*EXERCISE BRIEF*
Without any pictures, print the lines below from the one that has "New 2026 Audi Q7 Premium image 13" through the one that has "Ford-Bronco-1966-Blue-Silver-Black-Blue-Grey-5", exactly and nothing else.

Image-caption web data
▬▬▬▬▬▬

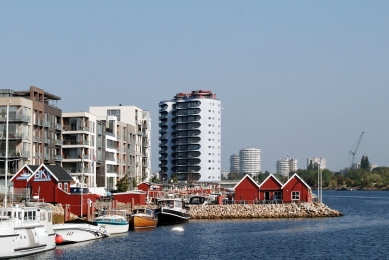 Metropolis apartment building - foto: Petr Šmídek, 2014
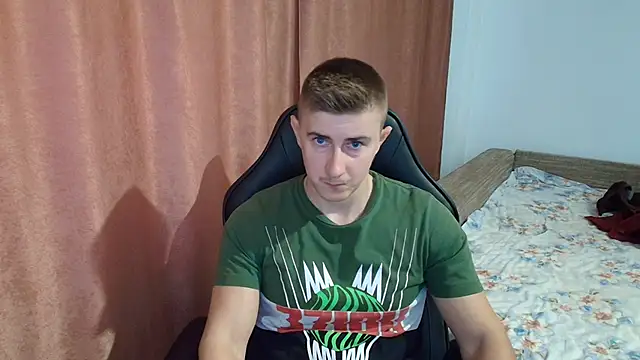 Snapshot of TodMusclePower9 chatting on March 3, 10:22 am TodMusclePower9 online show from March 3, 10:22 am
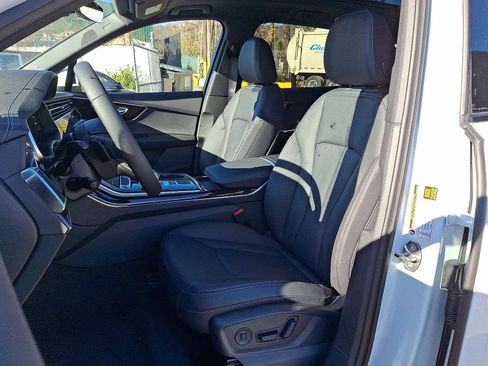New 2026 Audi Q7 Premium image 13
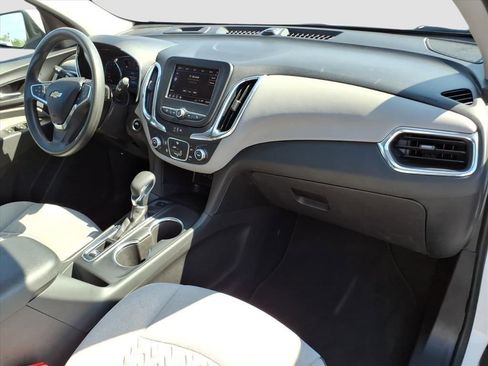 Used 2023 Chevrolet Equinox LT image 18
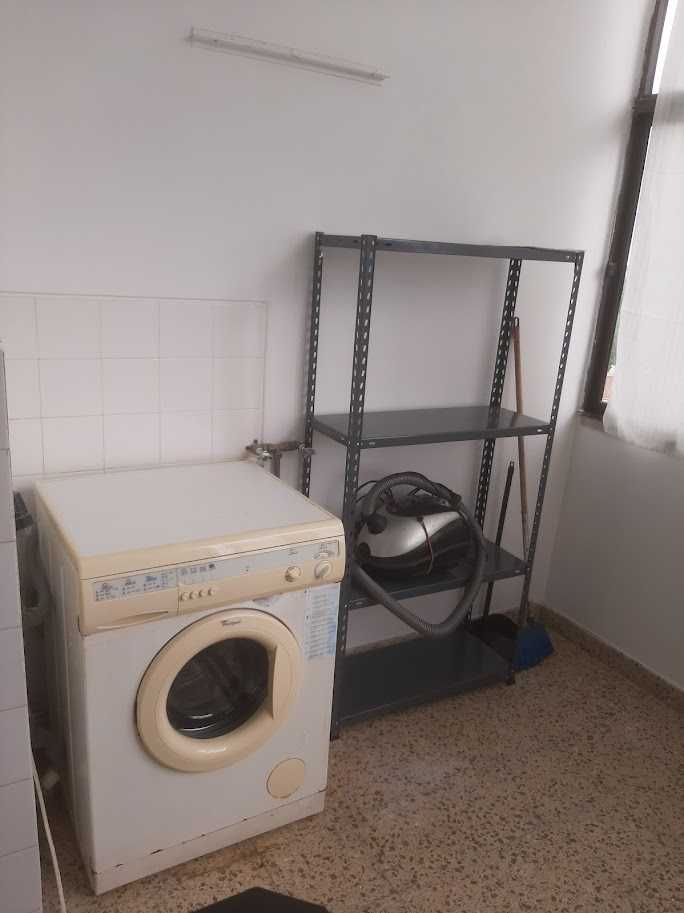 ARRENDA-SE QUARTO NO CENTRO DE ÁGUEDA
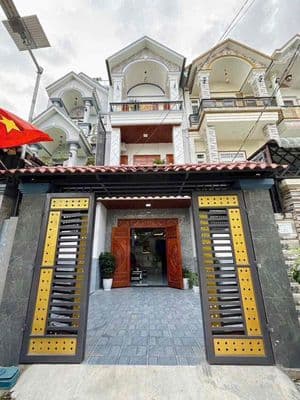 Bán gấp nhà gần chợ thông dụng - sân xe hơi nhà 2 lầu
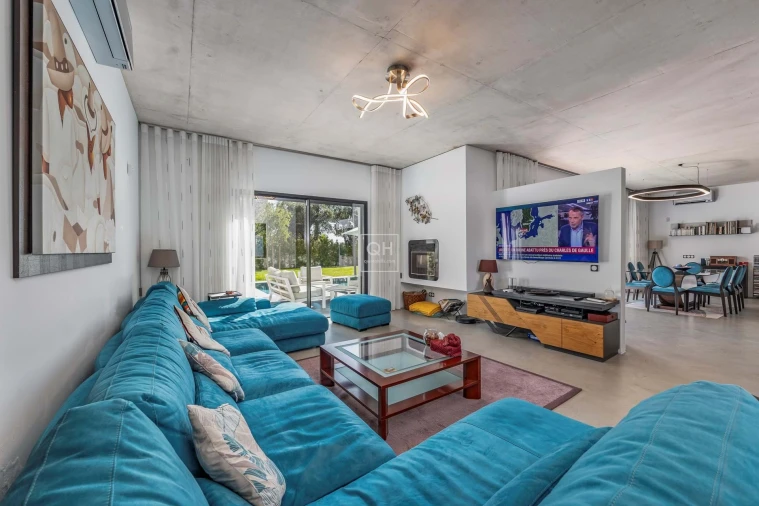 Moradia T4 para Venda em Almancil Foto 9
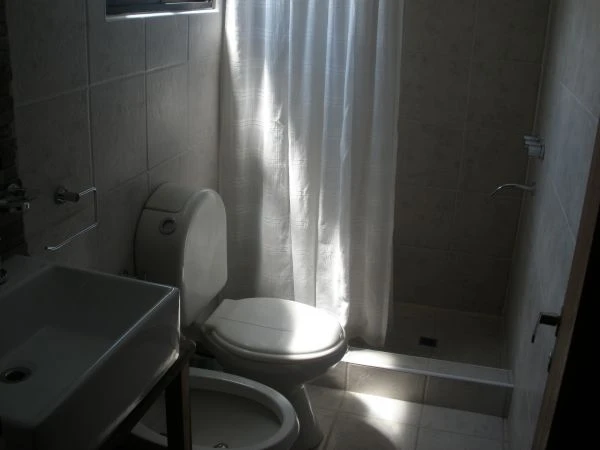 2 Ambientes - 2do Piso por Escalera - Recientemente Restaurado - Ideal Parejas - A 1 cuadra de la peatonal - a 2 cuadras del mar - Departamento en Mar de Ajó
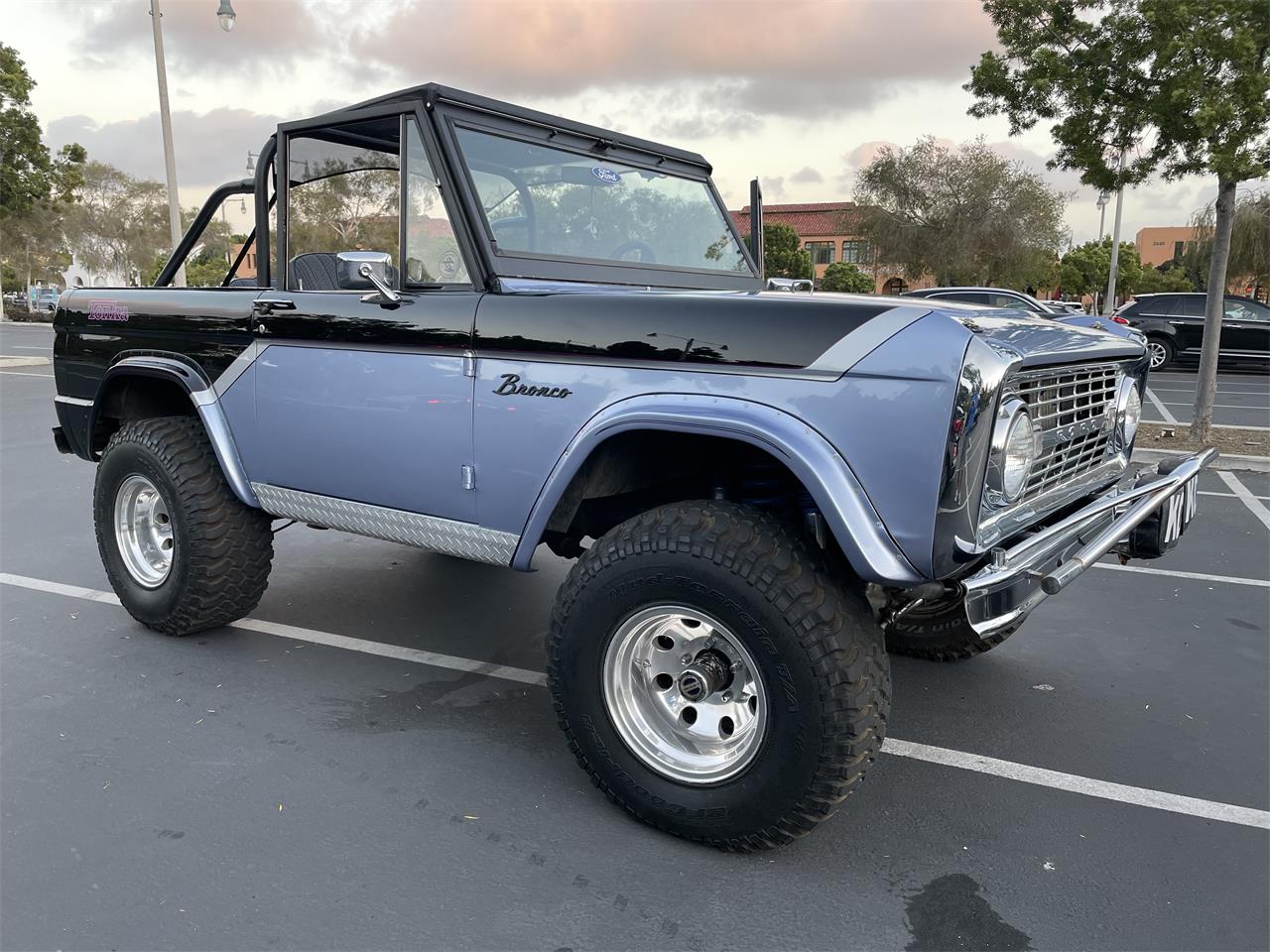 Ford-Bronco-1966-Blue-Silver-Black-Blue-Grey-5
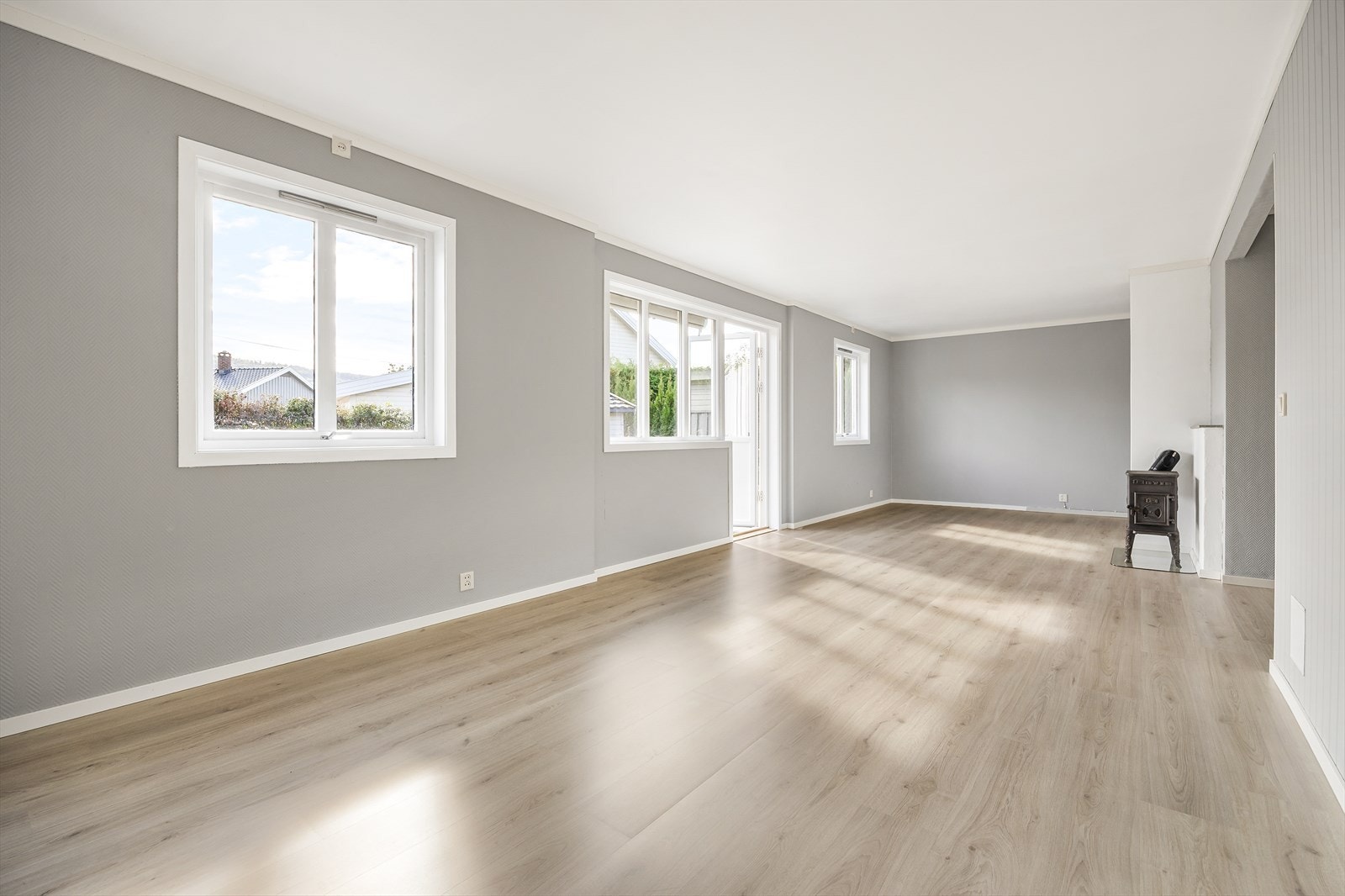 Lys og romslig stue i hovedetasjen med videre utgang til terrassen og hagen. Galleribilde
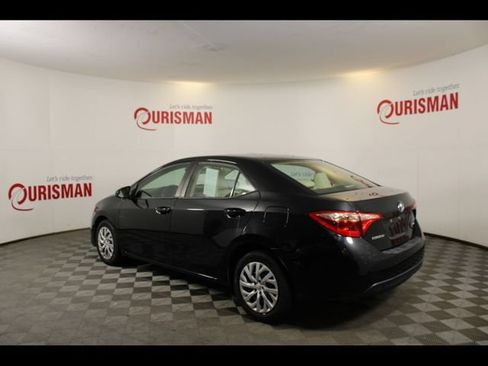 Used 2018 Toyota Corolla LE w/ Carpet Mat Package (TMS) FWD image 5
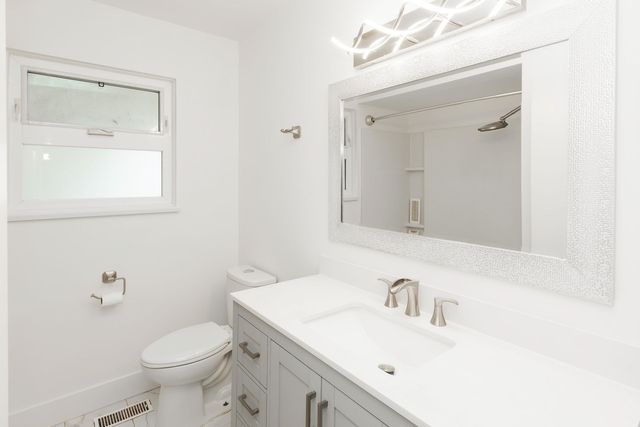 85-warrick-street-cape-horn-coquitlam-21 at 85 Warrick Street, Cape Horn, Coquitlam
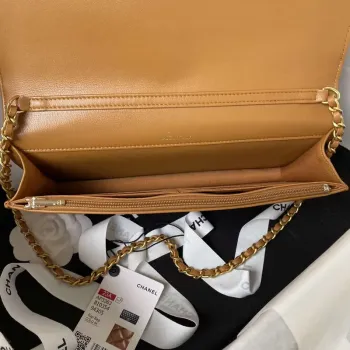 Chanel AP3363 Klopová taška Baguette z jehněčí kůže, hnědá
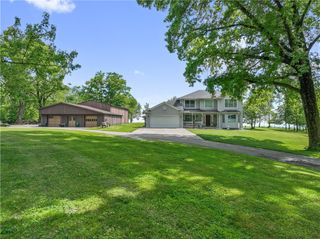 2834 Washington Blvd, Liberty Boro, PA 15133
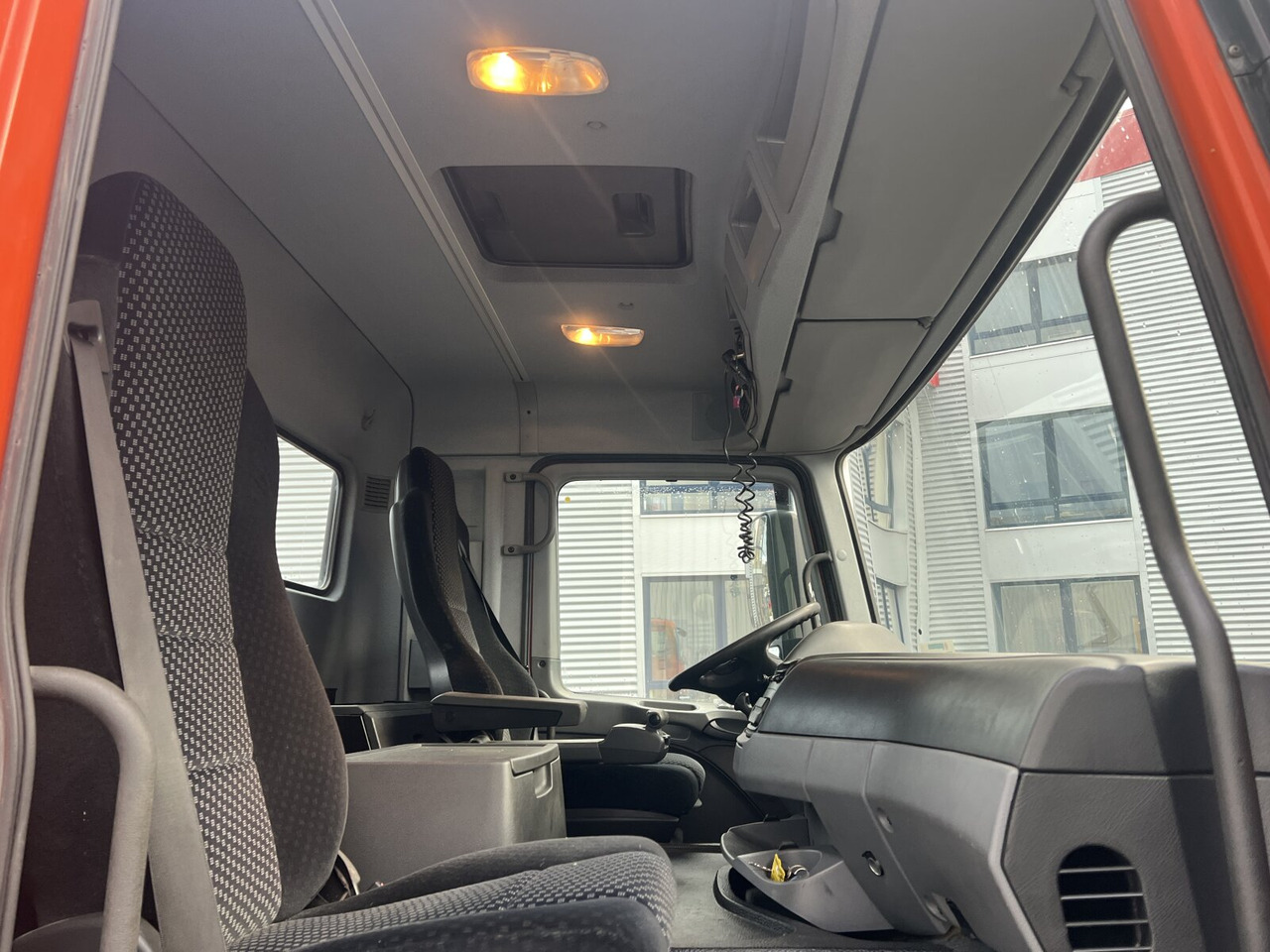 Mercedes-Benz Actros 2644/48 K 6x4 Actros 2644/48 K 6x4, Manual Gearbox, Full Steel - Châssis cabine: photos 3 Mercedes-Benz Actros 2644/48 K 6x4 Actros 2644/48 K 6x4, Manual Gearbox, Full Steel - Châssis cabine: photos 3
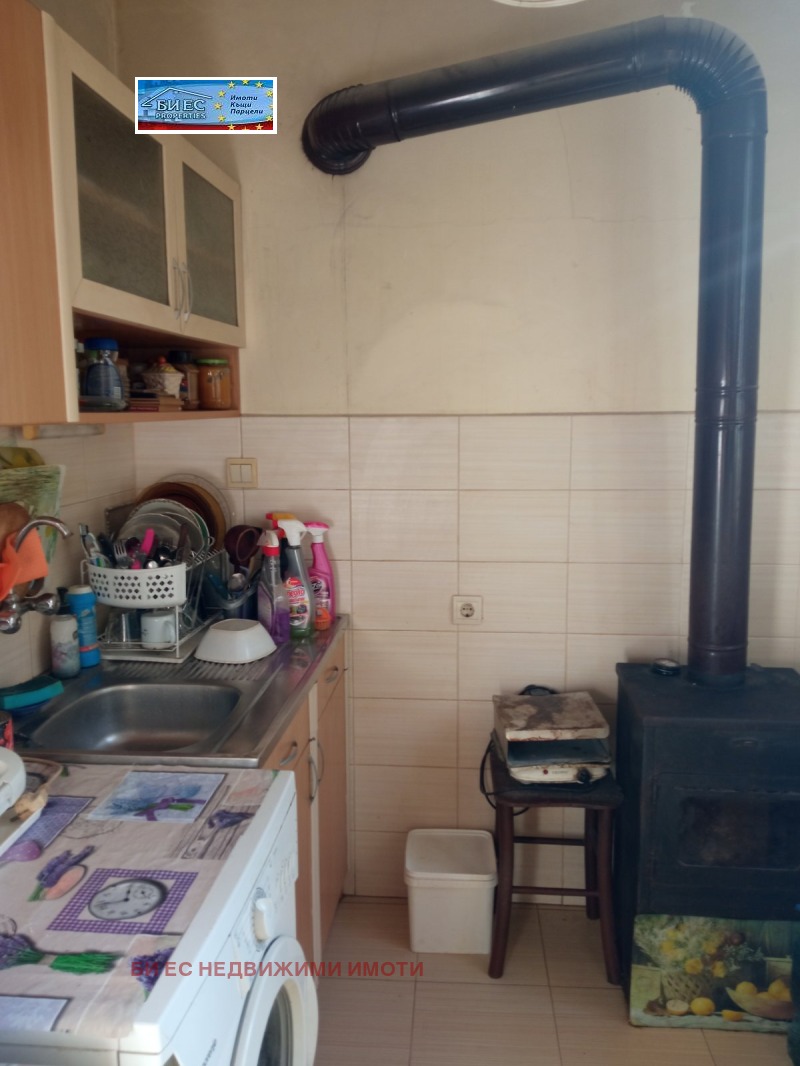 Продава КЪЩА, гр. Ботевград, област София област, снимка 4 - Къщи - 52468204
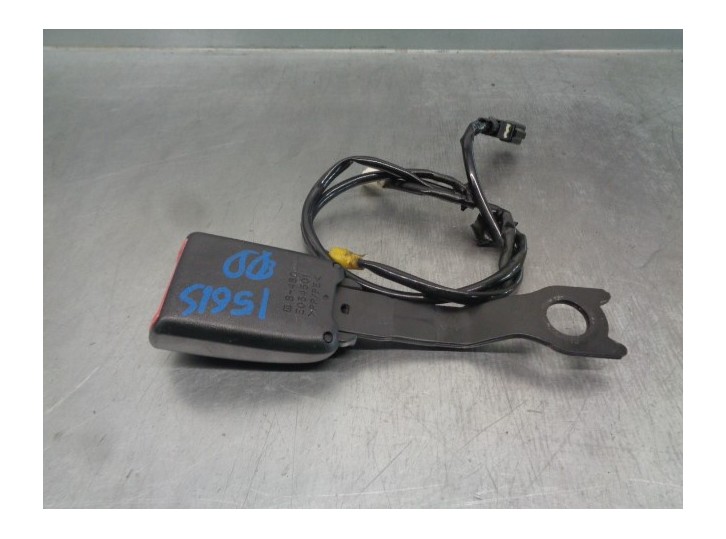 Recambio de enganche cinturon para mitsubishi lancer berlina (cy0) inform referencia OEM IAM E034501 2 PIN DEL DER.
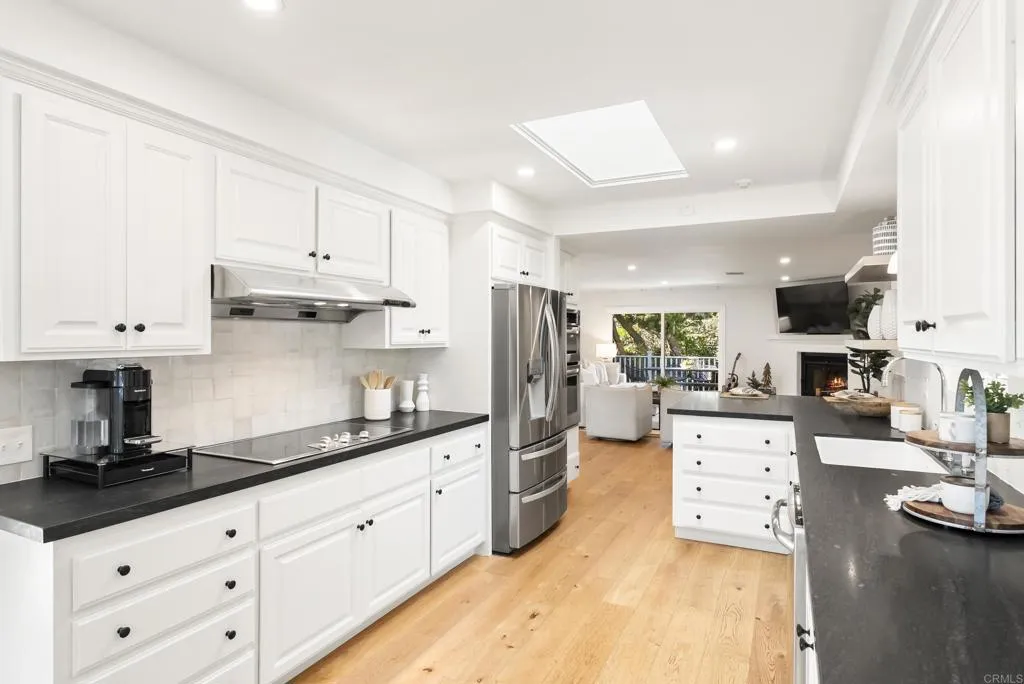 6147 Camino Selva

▬▬▬▬▬▬

*ANSWER FOR THE TASK*
New 2026 Audi Q7 Premium image 13
 Used 2023 Chevrolet Equinox LT image 18
 ARRENDA-SE QUARTO NO CENTRO DE ÁGUEDA
 Bán gấp nhà gần chợ thông dụng - sân xe hơi nhà 2 lầu
 Moradia T4 para Venda em Almancil Foto 9
 2 Ambientes - 2do Piso por Escalera - Recientemente Restaurado - Ideal Parejas - A 1 cuadra de la peatonal - a 2 cuadras del mar - Departamento en Mar de Ajó
 Ford-Bronco-1966-Blue-Silver-Black-Blue-Grey-5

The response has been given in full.